Compulsory military service
The proposal of compulsory military service that has been resurfaced, by Minister Milinda Moragoda, is evoking much interest even though the topic of the times is about peace.
He points out that this has been proposed by Prime Minister Ranil Wickremasinghe when he was the Minister of Youth Affairs some years ago. Mr. Moragodas proposal is not directed to the current military situation and he is thinking in terms of broader objectives like instilling a sense of discipline among youth and living and working together with those who may be speaking a different language and belonging to different communities. These are certainly worthwhile objectives but the basic function of compulsory service is to prepare young people in the art of defence of the country both against internal and external aggression.
Indeed, the current plight of the country and the present siutation may have been avoided had a system of compulsory military service been in operation.
Compulsory military service implies recruitment from all sections of society and not the kind of voluntary recruitment that has been going on where the vast bulk of the armed forces comprises those of poorer sections of the community who were in need of employment. This is different in case of the officer cadres where middle class young men joined on their own volition. The rank and file, however, were attracted mainly because of employment.
If the sons and daughters of the affluent sections of society were brought into this conflict, it would have been conducted with much circumspection to achieve military and not political objective as what happened. Those commanding operations would have had to be military professionals and not politicians. Corruption in the purchases of armaments that resulted in the slaughter of our servicemen would not have been possible if the lives of the children of the high and mighty were at stake.
For a scheme of compulsory military service to succeed, it is essential that the people should be inspired to do so by the leaders of the country. There cannot be forcible conscription if it does not seem to be applied fairly and squarely. Thus, it is essential that politicians and other leaders of society should lead the country in this respect.
If youthful politicians, even those of Mr. Moragodas age, sign on with their followers estimated at tens of thousands, the scheme cannot fail. Politicians cannot exclude themselves from the process and special arrangements could be made for them to be exempted from routine political work such as attendance of parliament.
The other feature is that children of the affluent, particularly of politicians should be made to give the lead. In these times we often hear of children of ministers with plenty of money to throw around carousing at nightclubs and being involved in brawls where their fathers bodyguards are summoned to their assistance.

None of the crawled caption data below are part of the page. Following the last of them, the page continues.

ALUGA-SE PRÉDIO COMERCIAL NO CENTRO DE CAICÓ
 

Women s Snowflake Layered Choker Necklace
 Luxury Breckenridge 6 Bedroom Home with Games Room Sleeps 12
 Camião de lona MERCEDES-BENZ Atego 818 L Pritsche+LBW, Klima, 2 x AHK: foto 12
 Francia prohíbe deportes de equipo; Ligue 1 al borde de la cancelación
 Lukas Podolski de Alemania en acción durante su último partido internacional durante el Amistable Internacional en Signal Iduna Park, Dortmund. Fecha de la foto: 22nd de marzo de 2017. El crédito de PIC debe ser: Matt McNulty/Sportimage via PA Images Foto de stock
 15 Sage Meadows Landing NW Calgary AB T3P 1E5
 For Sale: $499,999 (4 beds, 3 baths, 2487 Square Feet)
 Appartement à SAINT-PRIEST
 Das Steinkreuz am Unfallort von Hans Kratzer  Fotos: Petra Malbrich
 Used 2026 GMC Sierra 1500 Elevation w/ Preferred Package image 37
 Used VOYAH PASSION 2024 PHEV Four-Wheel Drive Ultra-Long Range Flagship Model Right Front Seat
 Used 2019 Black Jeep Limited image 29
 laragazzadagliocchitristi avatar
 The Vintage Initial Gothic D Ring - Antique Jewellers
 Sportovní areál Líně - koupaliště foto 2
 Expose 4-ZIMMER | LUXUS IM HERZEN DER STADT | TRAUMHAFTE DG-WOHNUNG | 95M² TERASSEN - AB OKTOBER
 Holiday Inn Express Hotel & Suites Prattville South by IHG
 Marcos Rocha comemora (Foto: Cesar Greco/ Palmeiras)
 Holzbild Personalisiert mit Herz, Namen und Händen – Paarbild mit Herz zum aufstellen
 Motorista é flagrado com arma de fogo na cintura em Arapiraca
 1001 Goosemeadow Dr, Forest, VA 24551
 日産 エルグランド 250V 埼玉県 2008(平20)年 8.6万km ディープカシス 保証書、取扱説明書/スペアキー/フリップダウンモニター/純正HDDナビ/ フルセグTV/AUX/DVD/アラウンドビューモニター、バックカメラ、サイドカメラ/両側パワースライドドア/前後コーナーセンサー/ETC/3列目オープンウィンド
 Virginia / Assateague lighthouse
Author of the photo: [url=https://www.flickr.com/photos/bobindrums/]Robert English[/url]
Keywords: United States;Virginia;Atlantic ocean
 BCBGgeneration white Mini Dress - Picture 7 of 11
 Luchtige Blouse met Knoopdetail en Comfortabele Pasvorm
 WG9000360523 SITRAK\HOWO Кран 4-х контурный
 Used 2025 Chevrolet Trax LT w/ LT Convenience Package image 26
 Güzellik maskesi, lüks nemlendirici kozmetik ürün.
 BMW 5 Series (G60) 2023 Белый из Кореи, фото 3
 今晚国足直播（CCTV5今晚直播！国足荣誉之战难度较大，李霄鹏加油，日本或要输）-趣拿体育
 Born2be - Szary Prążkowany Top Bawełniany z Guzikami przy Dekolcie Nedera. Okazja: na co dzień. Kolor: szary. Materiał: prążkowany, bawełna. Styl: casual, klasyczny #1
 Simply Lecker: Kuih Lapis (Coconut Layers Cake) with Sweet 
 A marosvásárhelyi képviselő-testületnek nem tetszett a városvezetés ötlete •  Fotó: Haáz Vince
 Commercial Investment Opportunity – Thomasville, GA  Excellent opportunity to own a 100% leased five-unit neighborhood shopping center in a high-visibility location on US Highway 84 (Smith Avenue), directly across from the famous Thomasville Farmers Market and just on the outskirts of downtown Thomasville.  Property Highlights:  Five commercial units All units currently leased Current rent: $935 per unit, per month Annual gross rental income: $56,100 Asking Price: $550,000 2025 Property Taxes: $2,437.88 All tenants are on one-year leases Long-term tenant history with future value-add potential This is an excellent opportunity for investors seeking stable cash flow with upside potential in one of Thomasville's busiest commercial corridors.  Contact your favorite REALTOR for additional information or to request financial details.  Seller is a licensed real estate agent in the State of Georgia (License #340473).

Their indulgent fathers poor fellows who were not able to see the inside of a nightclub till they achieved high political office are very indulgent with their rowdy brood. One such father commenting on his sons behaviour had said: Boys will be boys.
Compulsory military service could make these delinquent boys real men and serve the country, but for this to happen the laws must be very stringently applied. It should be possible to recall even those studying abroad to return home and serve their period in the military services.
It will undoubtedly be a very difficult law to apply because of the parents natural inclination to protect their brood. Even Velupillai Prabakaran who believes in compulsory no forcible recruitment from the age of seven years, does apply it rigidly to his dear teenage son and daughter. If they are members of his fighting cadres his propaganda units would have made much of a song and dance about it but it has not happened. Probably they will end up in an European (probably Norwegian) or even American institution as an adjunct of the on going Peace Process, proscriptions of foreign terrorist organisations et al notwithstanding!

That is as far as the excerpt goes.